Exercise goal. Return the data that follows, keeping every word and mark unchanged.

(Records excerpted from a collection)
_____

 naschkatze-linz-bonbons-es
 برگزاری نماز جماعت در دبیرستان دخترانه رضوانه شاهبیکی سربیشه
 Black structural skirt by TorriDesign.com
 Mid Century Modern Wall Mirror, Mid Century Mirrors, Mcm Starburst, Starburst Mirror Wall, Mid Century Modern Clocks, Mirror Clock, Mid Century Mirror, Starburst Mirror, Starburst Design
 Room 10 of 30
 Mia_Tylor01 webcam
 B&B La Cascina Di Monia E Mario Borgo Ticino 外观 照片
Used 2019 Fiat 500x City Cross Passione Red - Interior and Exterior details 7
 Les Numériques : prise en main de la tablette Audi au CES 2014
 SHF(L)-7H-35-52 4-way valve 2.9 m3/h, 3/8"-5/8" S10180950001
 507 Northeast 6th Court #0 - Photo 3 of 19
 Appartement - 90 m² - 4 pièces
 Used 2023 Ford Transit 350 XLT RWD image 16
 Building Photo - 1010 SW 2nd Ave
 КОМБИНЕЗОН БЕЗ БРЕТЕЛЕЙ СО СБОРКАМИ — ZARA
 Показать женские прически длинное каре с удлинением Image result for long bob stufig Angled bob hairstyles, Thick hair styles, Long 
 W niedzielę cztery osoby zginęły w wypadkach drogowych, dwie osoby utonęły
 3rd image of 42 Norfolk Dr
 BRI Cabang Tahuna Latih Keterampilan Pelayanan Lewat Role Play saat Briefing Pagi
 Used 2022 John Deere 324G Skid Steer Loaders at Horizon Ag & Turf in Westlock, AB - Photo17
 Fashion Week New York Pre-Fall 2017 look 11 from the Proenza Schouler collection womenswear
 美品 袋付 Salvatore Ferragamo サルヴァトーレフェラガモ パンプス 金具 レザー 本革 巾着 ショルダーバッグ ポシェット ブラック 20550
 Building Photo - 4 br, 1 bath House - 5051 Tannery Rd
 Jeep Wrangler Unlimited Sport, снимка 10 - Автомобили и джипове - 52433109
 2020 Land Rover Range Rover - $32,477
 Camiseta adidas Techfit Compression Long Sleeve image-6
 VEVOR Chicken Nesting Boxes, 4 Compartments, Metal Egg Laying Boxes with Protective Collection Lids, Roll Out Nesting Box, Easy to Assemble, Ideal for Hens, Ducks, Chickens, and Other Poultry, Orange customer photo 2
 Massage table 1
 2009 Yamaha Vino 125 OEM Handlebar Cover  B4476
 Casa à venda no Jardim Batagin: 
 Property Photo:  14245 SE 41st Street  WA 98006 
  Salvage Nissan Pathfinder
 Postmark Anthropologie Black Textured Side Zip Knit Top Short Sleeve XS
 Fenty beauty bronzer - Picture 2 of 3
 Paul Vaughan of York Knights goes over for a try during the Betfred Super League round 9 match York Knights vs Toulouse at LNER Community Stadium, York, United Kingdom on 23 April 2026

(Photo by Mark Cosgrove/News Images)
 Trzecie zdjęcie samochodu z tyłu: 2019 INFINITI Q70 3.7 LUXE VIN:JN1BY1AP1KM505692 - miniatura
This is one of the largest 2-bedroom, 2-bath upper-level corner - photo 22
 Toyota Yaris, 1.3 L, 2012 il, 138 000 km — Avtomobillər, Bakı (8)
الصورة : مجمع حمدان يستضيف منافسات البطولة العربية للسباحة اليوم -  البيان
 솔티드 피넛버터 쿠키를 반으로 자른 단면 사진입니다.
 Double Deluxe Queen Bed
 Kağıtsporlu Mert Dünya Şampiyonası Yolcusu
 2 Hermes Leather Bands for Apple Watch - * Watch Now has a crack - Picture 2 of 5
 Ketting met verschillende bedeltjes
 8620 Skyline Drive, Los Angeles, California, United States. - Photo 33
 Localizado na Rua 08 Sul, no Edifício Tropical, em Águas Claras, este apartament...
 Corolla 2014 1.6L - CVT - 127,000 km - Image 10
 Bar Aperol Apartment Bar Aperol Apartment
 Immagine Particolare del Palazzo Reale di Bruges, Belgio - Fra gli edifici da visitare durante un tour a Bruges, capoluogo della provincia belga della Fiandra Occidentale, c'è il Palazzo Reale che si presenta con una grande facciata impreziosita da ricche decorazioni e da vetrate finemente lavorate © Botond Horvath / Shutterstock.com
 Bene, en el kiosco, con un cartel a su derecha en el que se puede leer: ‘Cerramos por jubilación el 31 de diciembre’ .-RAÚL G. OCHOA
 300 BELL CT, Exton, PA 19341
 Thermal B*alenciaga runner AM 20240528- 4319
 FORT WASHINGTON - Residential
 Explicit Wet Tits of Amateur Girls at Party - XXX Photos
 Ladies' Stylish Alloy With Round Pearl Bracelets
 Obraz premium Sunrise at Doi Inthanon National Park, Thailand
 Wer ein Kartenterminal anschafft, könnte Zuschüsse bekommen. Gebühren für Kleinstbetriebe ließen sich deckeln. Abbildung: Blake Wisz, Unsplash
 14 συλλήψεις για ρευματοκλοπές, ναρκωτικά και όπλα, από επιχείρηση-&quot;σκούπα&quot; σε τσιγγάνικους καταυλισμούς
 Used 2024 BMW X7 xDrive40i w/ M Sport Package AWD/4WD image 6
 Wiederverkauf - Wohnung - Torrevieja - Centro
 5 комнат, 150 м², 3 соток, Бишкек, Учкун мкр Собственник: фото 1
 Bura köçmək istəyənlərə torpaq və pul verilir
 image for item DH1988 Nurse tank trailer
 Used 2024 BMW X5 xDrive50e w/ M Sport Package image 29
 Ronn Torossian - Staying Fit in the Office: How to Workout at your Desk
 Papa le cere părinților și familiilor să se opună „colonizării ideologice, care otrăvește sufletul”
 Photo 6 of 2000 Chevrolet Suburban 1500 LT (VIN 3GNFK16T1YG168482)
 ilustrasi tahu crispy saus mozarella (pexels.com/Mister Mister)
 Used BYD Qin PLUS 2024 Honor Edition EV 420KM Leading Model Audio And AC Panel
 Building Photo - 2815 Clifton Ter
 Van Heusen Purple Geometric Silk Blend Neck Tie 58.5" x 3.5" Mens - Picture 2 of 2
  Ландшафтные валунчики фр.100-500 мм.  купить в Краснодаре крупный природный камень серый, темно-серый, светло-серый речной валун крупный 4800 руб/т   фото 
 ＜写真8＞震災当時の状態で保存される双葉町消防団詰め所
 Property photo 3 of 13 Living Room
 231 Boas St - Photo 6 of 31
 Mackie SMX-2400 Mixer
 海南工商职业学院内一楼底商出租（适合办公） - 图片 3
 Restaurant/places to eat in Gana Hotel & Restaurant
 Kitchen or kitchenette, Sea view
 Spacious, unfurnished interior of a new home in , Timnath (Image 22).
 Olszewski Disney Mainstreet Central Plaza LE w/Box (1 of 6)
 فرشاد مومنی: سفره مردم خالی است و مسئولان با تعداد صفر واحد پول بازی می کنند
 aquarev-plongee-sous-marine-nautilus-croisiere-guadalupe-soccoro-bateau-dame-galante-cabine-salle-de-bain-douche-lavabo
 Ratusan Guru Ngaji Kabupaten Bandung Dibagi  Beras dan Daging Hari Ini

_____

Answer to this problem.
 naschkatze-linz-bonbons-es
 برگزاری نماز جماعت در دبیرستان دخترانه رضوانه شاهبیکی سربیشه
 Black structural skirt by TorriDesign.com
 Mid Century Modern Wall Mirror, Mid Century Mirrors, Mcm Starburst, Starburst Mirror Wall, Mid Century Modern Clocks, Mirror Clock, Mid Century Mirror, Starburst Mirror, Starburst Design
 Room 10 of 30
 Mia_Tylor01 webcam
 B&B La Cascina Di Monia E Mario Borgo Ticino 外观 照片
Used 2019 Fiat 500x City Cross Passione Red - Interior and Exterior details 7
 Les Numériques : prise en main de la tablette Audi au CES 2014
 SHF(L)-7H-35-52 4-way valve 2.9 m3/h, 3/8"-5/8" S10180950001
 507 Northeast 6th Court #0 - Photo 3 of 19
 Appartement - 90 m² - 4 pièces
 Used 2023 Ford Transit 350 XLT RWD image 16
 Building Photo - 1010 SW 2nd Ave
 КОМБИНЕЗОН БЕЗ БРЕТЕЛЕЙ СО СБОРКАМИ — ZARA
 Показать женские прически длинное каре с удлинением Image result for long bob stufig Angled bob hairstyles, Thick hair styles, Long 
 W niedzielę cztery osoby zginęły w wypadkach drogowych, dwie osoby utonęły
 3rd image of 42 Norfolk Dr
 BRI Cabang Tahuna Latih Keterampilan Pelayanan Lewat Role Play saat Briefing Pagi
 Used 2022 John Deere 324G Skid Steer Loaders at Horizon Ag & Turf in Westlock, AB - Photo17
 Fashion Week New York Pre-Fall 2017 look 11 from the Proenza Schouler collection womenswear
 美品 袋付 Salvatore Ferragamo サルヴァトーレフェラガモ パンプス 金具 レザー 本革 巾着 ショルダーバッグ ポシェット ブラック 20550
 Building Photo - 4 br, 1 bath House - 5051 Tannery Rd
 Jeep Wrangler Unlimited Sport, снимка 10 - Автомобили и джипове - 52433109
 2020 Land Rover Range Rover - $32,477
 Camiseta adidas Techfit Compression Long Sleeve image-6
 VEVOR Chicken Nesting Boxes, 4 Compartments, Metal Egg Laying Boxes with Protective Collection Lids, Roll Out Nesting Box, Easy to Assemble, Ideal for Hens, Ducks, Chickens, and Other Poultry, Orange customer photo 2
 Massage table 1
 2009 Yamaha Vino 125 OEM Handlebar Cover  B4476
 Casa à venda no Jardim Batagin: 
 Property Photo:  14245 SE 41st Street  WA 98006 
  Salvage Nissan Pathfinder
 Postmark Anthropologie Black Textured Side Zip Knit Top Short Sleeve XS
 Fenty beauty bronzer - Picture 2 of 3
 Paul Vaughan of York Knights goes over for a try during the Betfred Super League round 9 match York Knights vs Toulouse at LNER Community Stadium, York, United Kingdom on 23 April 2026

(Photo by Mark Cosgrove/News Images)
 Trzecie zdjęcie samochodu z tyłu: 2019 INFINITI Q70 3.7 LUXE VIN:JN1BY1AP1KM505692 - miniatura
This is one of the largest 2-bedroom, 2-bath upper-level corner - photo 22
 Toyota Yaris, 1.3 L, 2012 il, 138 000 km — Avtomobillər, Bakı (8)
الصورة : مجمع حمدان يستضيف منافسات البطولة العربية للسباحة اليوم -  البيان
 솔티드 피넛버터 쿠키를 반으로 자른 단면 사진입니다.
 Double Deluxe Queen Bed
 Kağıtsporlu Mert Dünya Şampiyonası Yolcusu
 2 Hermes Leather Bands for Apple Watch - * Watch Now has a crack - Picture 2 of 5
 Ketting met verschillende bedeltjes
 8620 Skyline Drive, Los Angeles, California, United States. - Photo 33
 Localizado na Rua 08 Sul, no Edifício Tropical, em Águas Claras, este apartament...
 Corolla 2014 1.6L - CVT - 127,000 km - Image 10
 Bar Aperol Apartment Bar Aperol Apartment
 Immagine Particolare del Palazzo Reale di Bruges, Belgio - Fra gli edifici da visitare durante un tour a Bruges, capoluogo della provincia belga della Fiandra Occidentale, c'è il Palazzo Reale che si presenta con una grande facciata impreziosita da ricche decorazioni e da vetrate finemente lavorate © Botond Horvath / Shutterstock.com
 Bene, en el kiosco, con un cartel a su derecha en el que se puede leer: ‘Cerramos por jubilación el 31 de diciembre’ .-RAÚL G. OCHOA
 300 BELL CT, Exton, PA 19341
 Thermal B*alenciaga runner AM 20240528- 4319
 FORT WASHINGTON - Residential
 Explicit Wet Tits of Amateur Girls at Party - XXX Photos
 Ladies' Stylish Alloy With Round Pearl Bracelets
 Obraz premium Sunrise at Doi Inthanon National Park, Thailand
 Wer ein Kartenterminal anschafft, könnte Zuschüsse bekommen. Gebühren für Kleinstbetriebe ließen sich deckeln. Abbildung: Blake Wisz, Unsplash
 14 συλλήψεις για ρευματοκλοπές, ναρκωτικά και όπλα, από επιχείρηση-&quot;σκούπα&quot; σε τσιγγάνικους καταυλισμούς
 Used 2024 BMW X7 xDrive40i w/ M Sport Package AWD/4WD image 6
 Wiederverkauf - Wohnung - Torrevieja - Centro
 5 комнат, 150 м², 3 соток, Бишкек, Учкун мкр Собственник: фото 1
 Bura köçmək istəyənlərə torpaq və pul verilir
 image for item DH1988 Nurse tank trailer
 Used 2024 BMW X5 xDrive50e w/ M Sport Package image 29
 Ronn Torossian - Staying Fit in the Office: How to Workout at your Desk
 Papa le cere părinților și familiilor să se opună „colonizării ideologice, care otrăvește sufletul”
 Photo 6 of 2000 Chevrolet Suburban 1500 LT (VIN 3GNFK16T1YG168482)
 ilustrasi tahu crispy saus mozarella (pexels.com/Mister Mister)
 Used BYD Qin PLUS 2024 Honor Edition EV 420KM Leading Model Audio And AC Panel
 Building Photo - 2815 Clifton Ter
 Van Heusen Purple Geometric Silk Blend Neck Tie 58.5" x 3.5" Mens - Picture 2 of 2
  Ландшафтные валунчики фр.100-500 мм.  купить в Краснодаре крупный природный камень серый, темно-серый, светло-серый речной валун крупный 4800 руб/т   фото 
 ＜写真8＞震災当時の状態で保存される双葉町消防団詰め所
 Property photo 3 of 13 Living Room
 231 Boas St - Photo 6 of 31
 Mackie SMX-2400 Mixer
 海南工商职业学院内一楼底商出租（适合办公） - 图片 3
 Restaurant/places to eat in Gana Hotel & Restaurant
 Kitchen or kitchenette, Sea view
 Spacious, unfurnished interior of a new home in , Timnath (Image 22).
 Olszewski Disney Mainstreet Central Plaza LE w/Box (1 of 6)
 فرشاد مومنی: سفره مردم خالی است و مسئولان با تعداد صفر واحد پول بازی می کنند
 aquarev-plongee-sous-marine-nautilus-croisiere-guadalupe-soccoro-bateau-dame-galante-cabine-salle-de-bain-douche-lavabo
 Ratusan Guru Ngaji Kabupaten Bandung Dibagi  Beras dan Daging Hari Ini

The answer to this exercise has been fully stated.